Imagine developing a product that relies on cutting-edge AI to solve problems and answer complex queries. That’s the reality at CodeSherlock.AI, where we’ve spent the past year on a fascinating quest: harnessing the power of Large Language Models (LLMs) to analyze code. In this article, we’ll delve into CodeSherlock’s journey of continuous LLM evaluation—meticulously assessing different LLMs and ultimately enhancing both the quality and cost-efficiency of our code analysis responses.

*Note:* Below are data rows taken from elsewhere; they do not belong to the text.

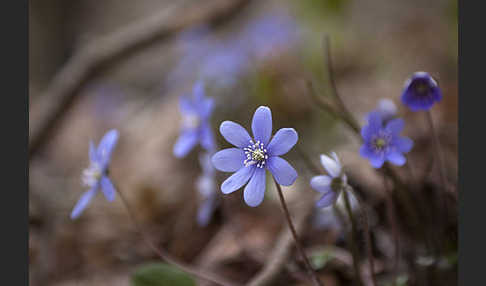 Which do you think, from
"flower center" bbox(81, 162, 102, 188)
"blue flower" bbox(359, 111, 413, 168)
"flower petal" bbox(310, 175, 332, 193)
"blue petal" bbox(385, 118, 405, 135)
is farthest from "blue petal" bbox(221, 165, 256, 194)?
"flower center" bbox(81, 162, 102, 188)

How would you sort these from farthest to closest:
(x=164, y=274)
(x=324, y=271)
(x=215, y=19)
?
(x=215, y=19), (x=324, y=271), (x=164, y=274)

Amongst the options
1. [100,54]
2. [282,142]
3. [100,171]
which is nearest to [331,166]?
[282,142]

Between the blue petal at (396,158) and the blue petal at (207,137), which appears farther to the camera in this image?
the blue petal at (207,137)

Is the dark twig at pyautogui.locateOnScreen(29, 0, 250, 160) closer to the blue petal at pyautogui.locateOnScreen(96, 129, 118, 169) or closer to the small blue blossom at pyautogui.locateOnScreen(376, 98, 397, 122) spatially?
the blue petal at pyautogui.locateOnScreen(96, 129, 118, 169)

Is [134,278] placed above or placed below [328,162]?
below

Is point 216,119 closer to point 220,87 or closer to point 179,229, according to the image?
point 220,87

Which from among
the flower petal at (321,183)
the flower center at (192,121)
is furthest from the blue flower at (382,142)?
the flower center at (192,121)

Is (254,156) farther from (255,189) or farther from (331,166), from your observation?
(331,166)

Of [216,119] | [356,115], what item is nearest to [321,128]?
[356,115]

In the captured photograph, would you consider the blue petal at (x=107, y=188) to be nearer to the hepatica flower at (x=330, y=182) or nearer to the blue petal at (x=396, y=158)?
the hepatica flower at (x=330, y=182)
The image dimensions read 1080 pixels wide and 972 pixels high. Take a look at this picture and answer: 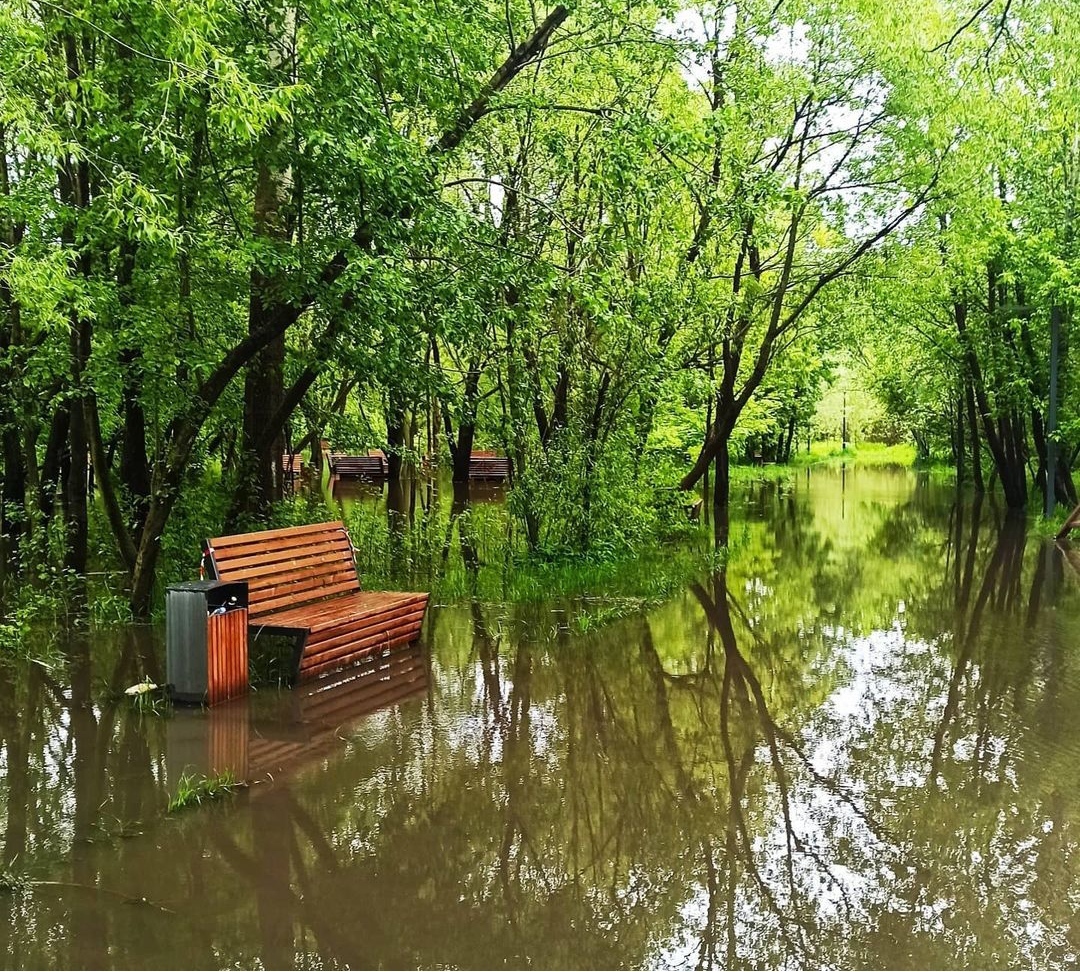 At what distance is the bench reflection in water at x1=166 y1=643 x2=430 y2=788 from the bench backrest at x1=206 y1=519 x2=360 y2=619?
81 cm

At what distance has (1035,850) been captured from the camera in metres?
4.57

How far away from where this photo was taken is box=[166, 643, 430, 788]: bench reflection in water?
18.3 ft

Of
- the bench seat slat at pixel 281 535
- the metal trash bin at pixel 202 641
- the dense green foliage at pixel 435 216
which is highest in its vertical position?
the dense green foliage at pixel 435 216

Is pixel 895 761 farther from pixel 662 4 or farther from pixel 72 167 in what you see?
pixel 72 167

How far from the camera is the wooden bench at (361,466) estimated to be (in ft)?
129

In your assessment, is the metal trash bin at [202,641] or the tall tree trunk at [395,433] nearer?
the metal trash bin at [202,641]

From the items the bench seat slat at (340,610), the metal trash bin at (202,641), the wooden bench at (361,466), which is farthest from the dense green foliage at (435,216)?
the wooden bench at (361,466)

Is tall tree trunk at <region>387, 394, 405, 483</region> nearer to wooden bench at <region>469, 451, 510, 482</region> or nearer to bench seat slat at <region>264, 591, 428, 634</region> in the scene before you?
bench seat slat at <region>264, 591, 428, 634</region>

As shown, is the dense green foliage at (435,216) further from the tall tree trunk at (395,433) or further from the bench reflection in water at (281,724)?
the bench reflection in water at (281,724)

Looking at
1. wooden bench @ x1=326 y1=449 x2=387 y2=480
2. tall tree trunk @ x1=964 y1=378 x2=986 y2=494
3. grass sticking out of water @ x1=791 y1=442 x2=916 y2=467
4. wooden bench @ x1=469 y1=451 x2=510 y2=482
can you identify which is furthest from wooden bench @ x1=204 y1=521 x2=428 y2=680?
grass sticking out of water @ x1=791 y1=442 x2=916 y2=467

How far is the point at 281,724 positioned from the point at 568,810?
7.71ft

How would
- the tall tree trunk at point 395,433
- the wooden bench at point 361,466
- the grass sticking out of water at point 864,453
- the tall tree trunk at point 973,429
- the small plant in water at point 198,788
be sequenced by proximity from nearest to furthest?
the small plant in water at point 198,788, the tall tree trunk at point 395,433, the tall tree trunk at point 973,429, the wooden bench at point 361,466, the grass sticking out of water at point 864,453

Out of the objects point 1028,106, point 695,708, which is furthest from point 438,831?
point 1028,106

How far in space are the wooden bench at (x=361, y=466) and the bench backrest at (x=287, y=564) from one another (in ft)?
98.2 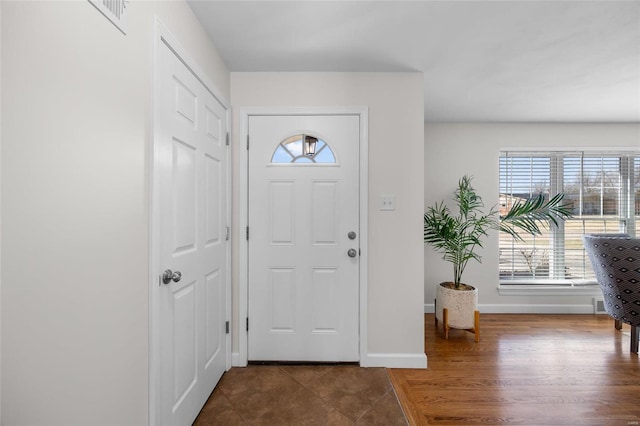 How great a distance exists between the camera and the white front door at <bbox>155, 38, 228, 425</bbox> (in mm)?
1311

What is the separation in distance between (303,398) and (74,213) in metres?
1.69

By sharing our hard-won lessons in model evaluation, prompt engineering, and performance optimization, we aim to benefit anyone looking to integrate AI into their products. Developers, product managers, and AI enthusiasts alike will gain a practical understanding of how to navigate the challenges of LLM selection and deployment, ensuring a balance of cost, accuracy, and scalability.

What Makes CodeSherlock Unique

  1. Prompt Mastery We’ve meticulously crafted prompts—essentially instructions for the LLM—ranging from approximately 250 to 130,000 tokens (we pass code as part of the prompt) to ensure optimal and comprehensive results with minimal inaccuracies.
  2. Expert LLM Selection Our success hinges not just on sophisticated prompts but also on carefully choosing the best LLM for the job.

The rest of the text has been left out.